(Roma-02 giugno 2020). Assieme a Francia, Grecia, Cipro e Emirati: una mossa per frenare Erdogan su Libia e gas.
Si E’ GIA’ aperta una nuova fase nel gioco politico, energetico e anche militare nel Mediterraneo. La nave turca per trivellazioni «Fatih» è salpata da Istanbul per il Mar Nero, per gli ultimi preparativi prima di spostarsi nelle acque di Cipro, dove da luglio dovrebbe iniziare a fare ricerca di idrocarburi. Il presidente turco Recep Tayyip Erdogan in persona ha detto che «riprenderemo le ricerche che erano iniziate nel 2019».
La «Fateh» (il «conquistatore», dal soprannome del sultano ottomano Mehmet che conquistò Costantinopoli nel 1453) può perforare fino a 2 mila metri di profondità. Il suo lavoro sarà una sfida industriale ma soprattutto politica ai paesi che nel bacino orientale del Mediterraneo puntano ad esplorare e sfruttare sostanzialmente gli stessi immensi giacimenti di gas a cui punta Ankara.
Due anni fa, dopo le minacce di unità militari turche, la multinazionale americana Exxon-Mobil e il consorzio italo-francese formato da Eni e Total decisero di rinviare le loro trivellazioni nell’area, garantite dal governo di Cipro con assegnazioni legali e in sintonia con il diritto internazionale.

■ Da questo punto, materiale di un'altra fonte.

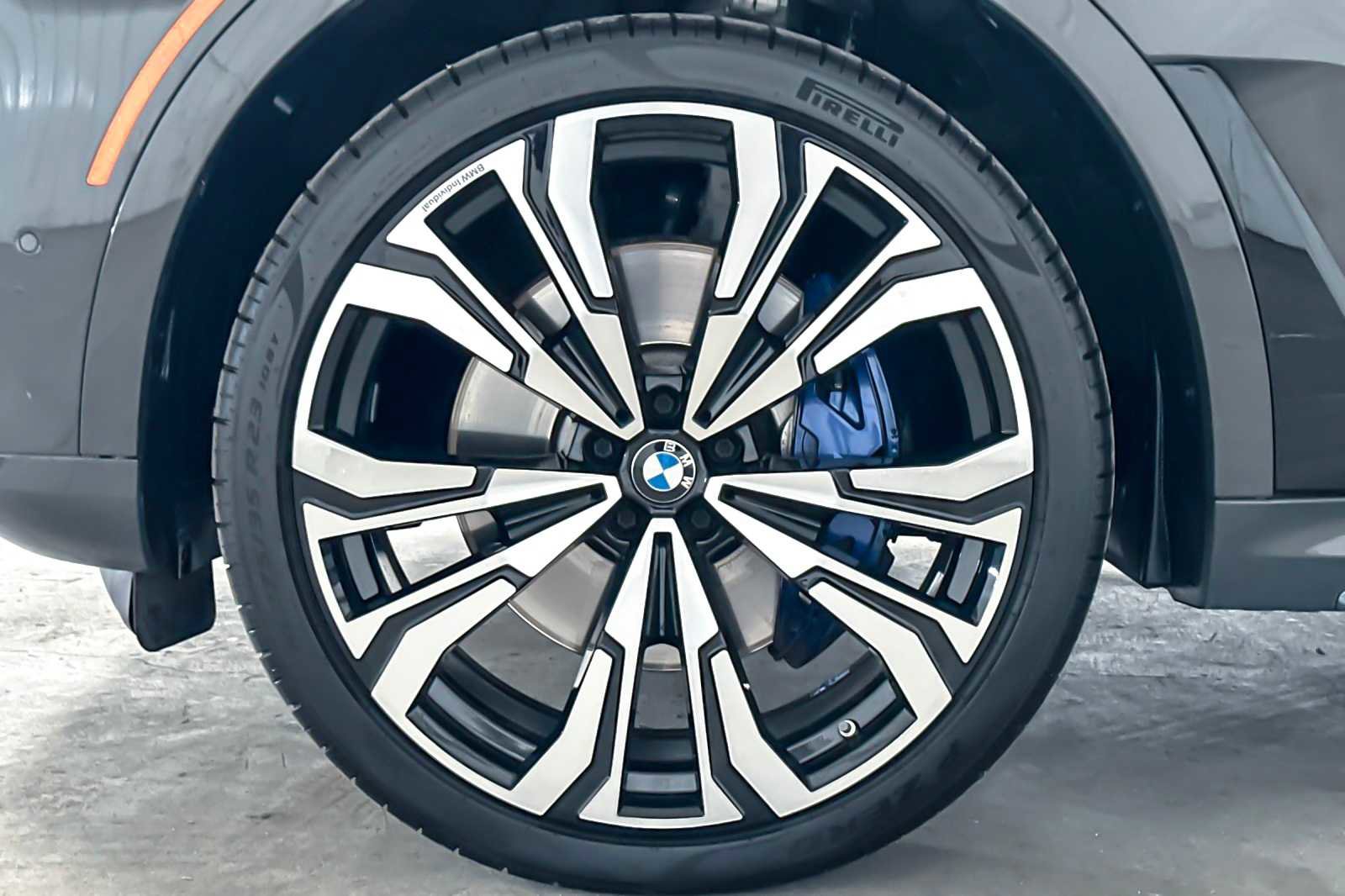 Used 2025 BMW X7 M60i image 27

In questo gioco di politica, ricerca petrolifera e presenza navale si inserisce l’alleanza industriale e anche politica che l’Egitto di Abdel Fatah al Sisi ha iniziato a sviluppare da qualche anno. Il Cairo da tempo ha fondato un «East Med Gas Forum» che include Egitto, Israele, Palestina, Grecia, Cipro, Italia e Francia. Una vera e porpria organizzazione internazionale, con un segretariato, un livello ministeriale, uno di Senior Officials sulle risorse energetiche del Mediterraneo orientale che inevitabilmente si è scontrato con l’ «espansionismo» energetico della Turchia.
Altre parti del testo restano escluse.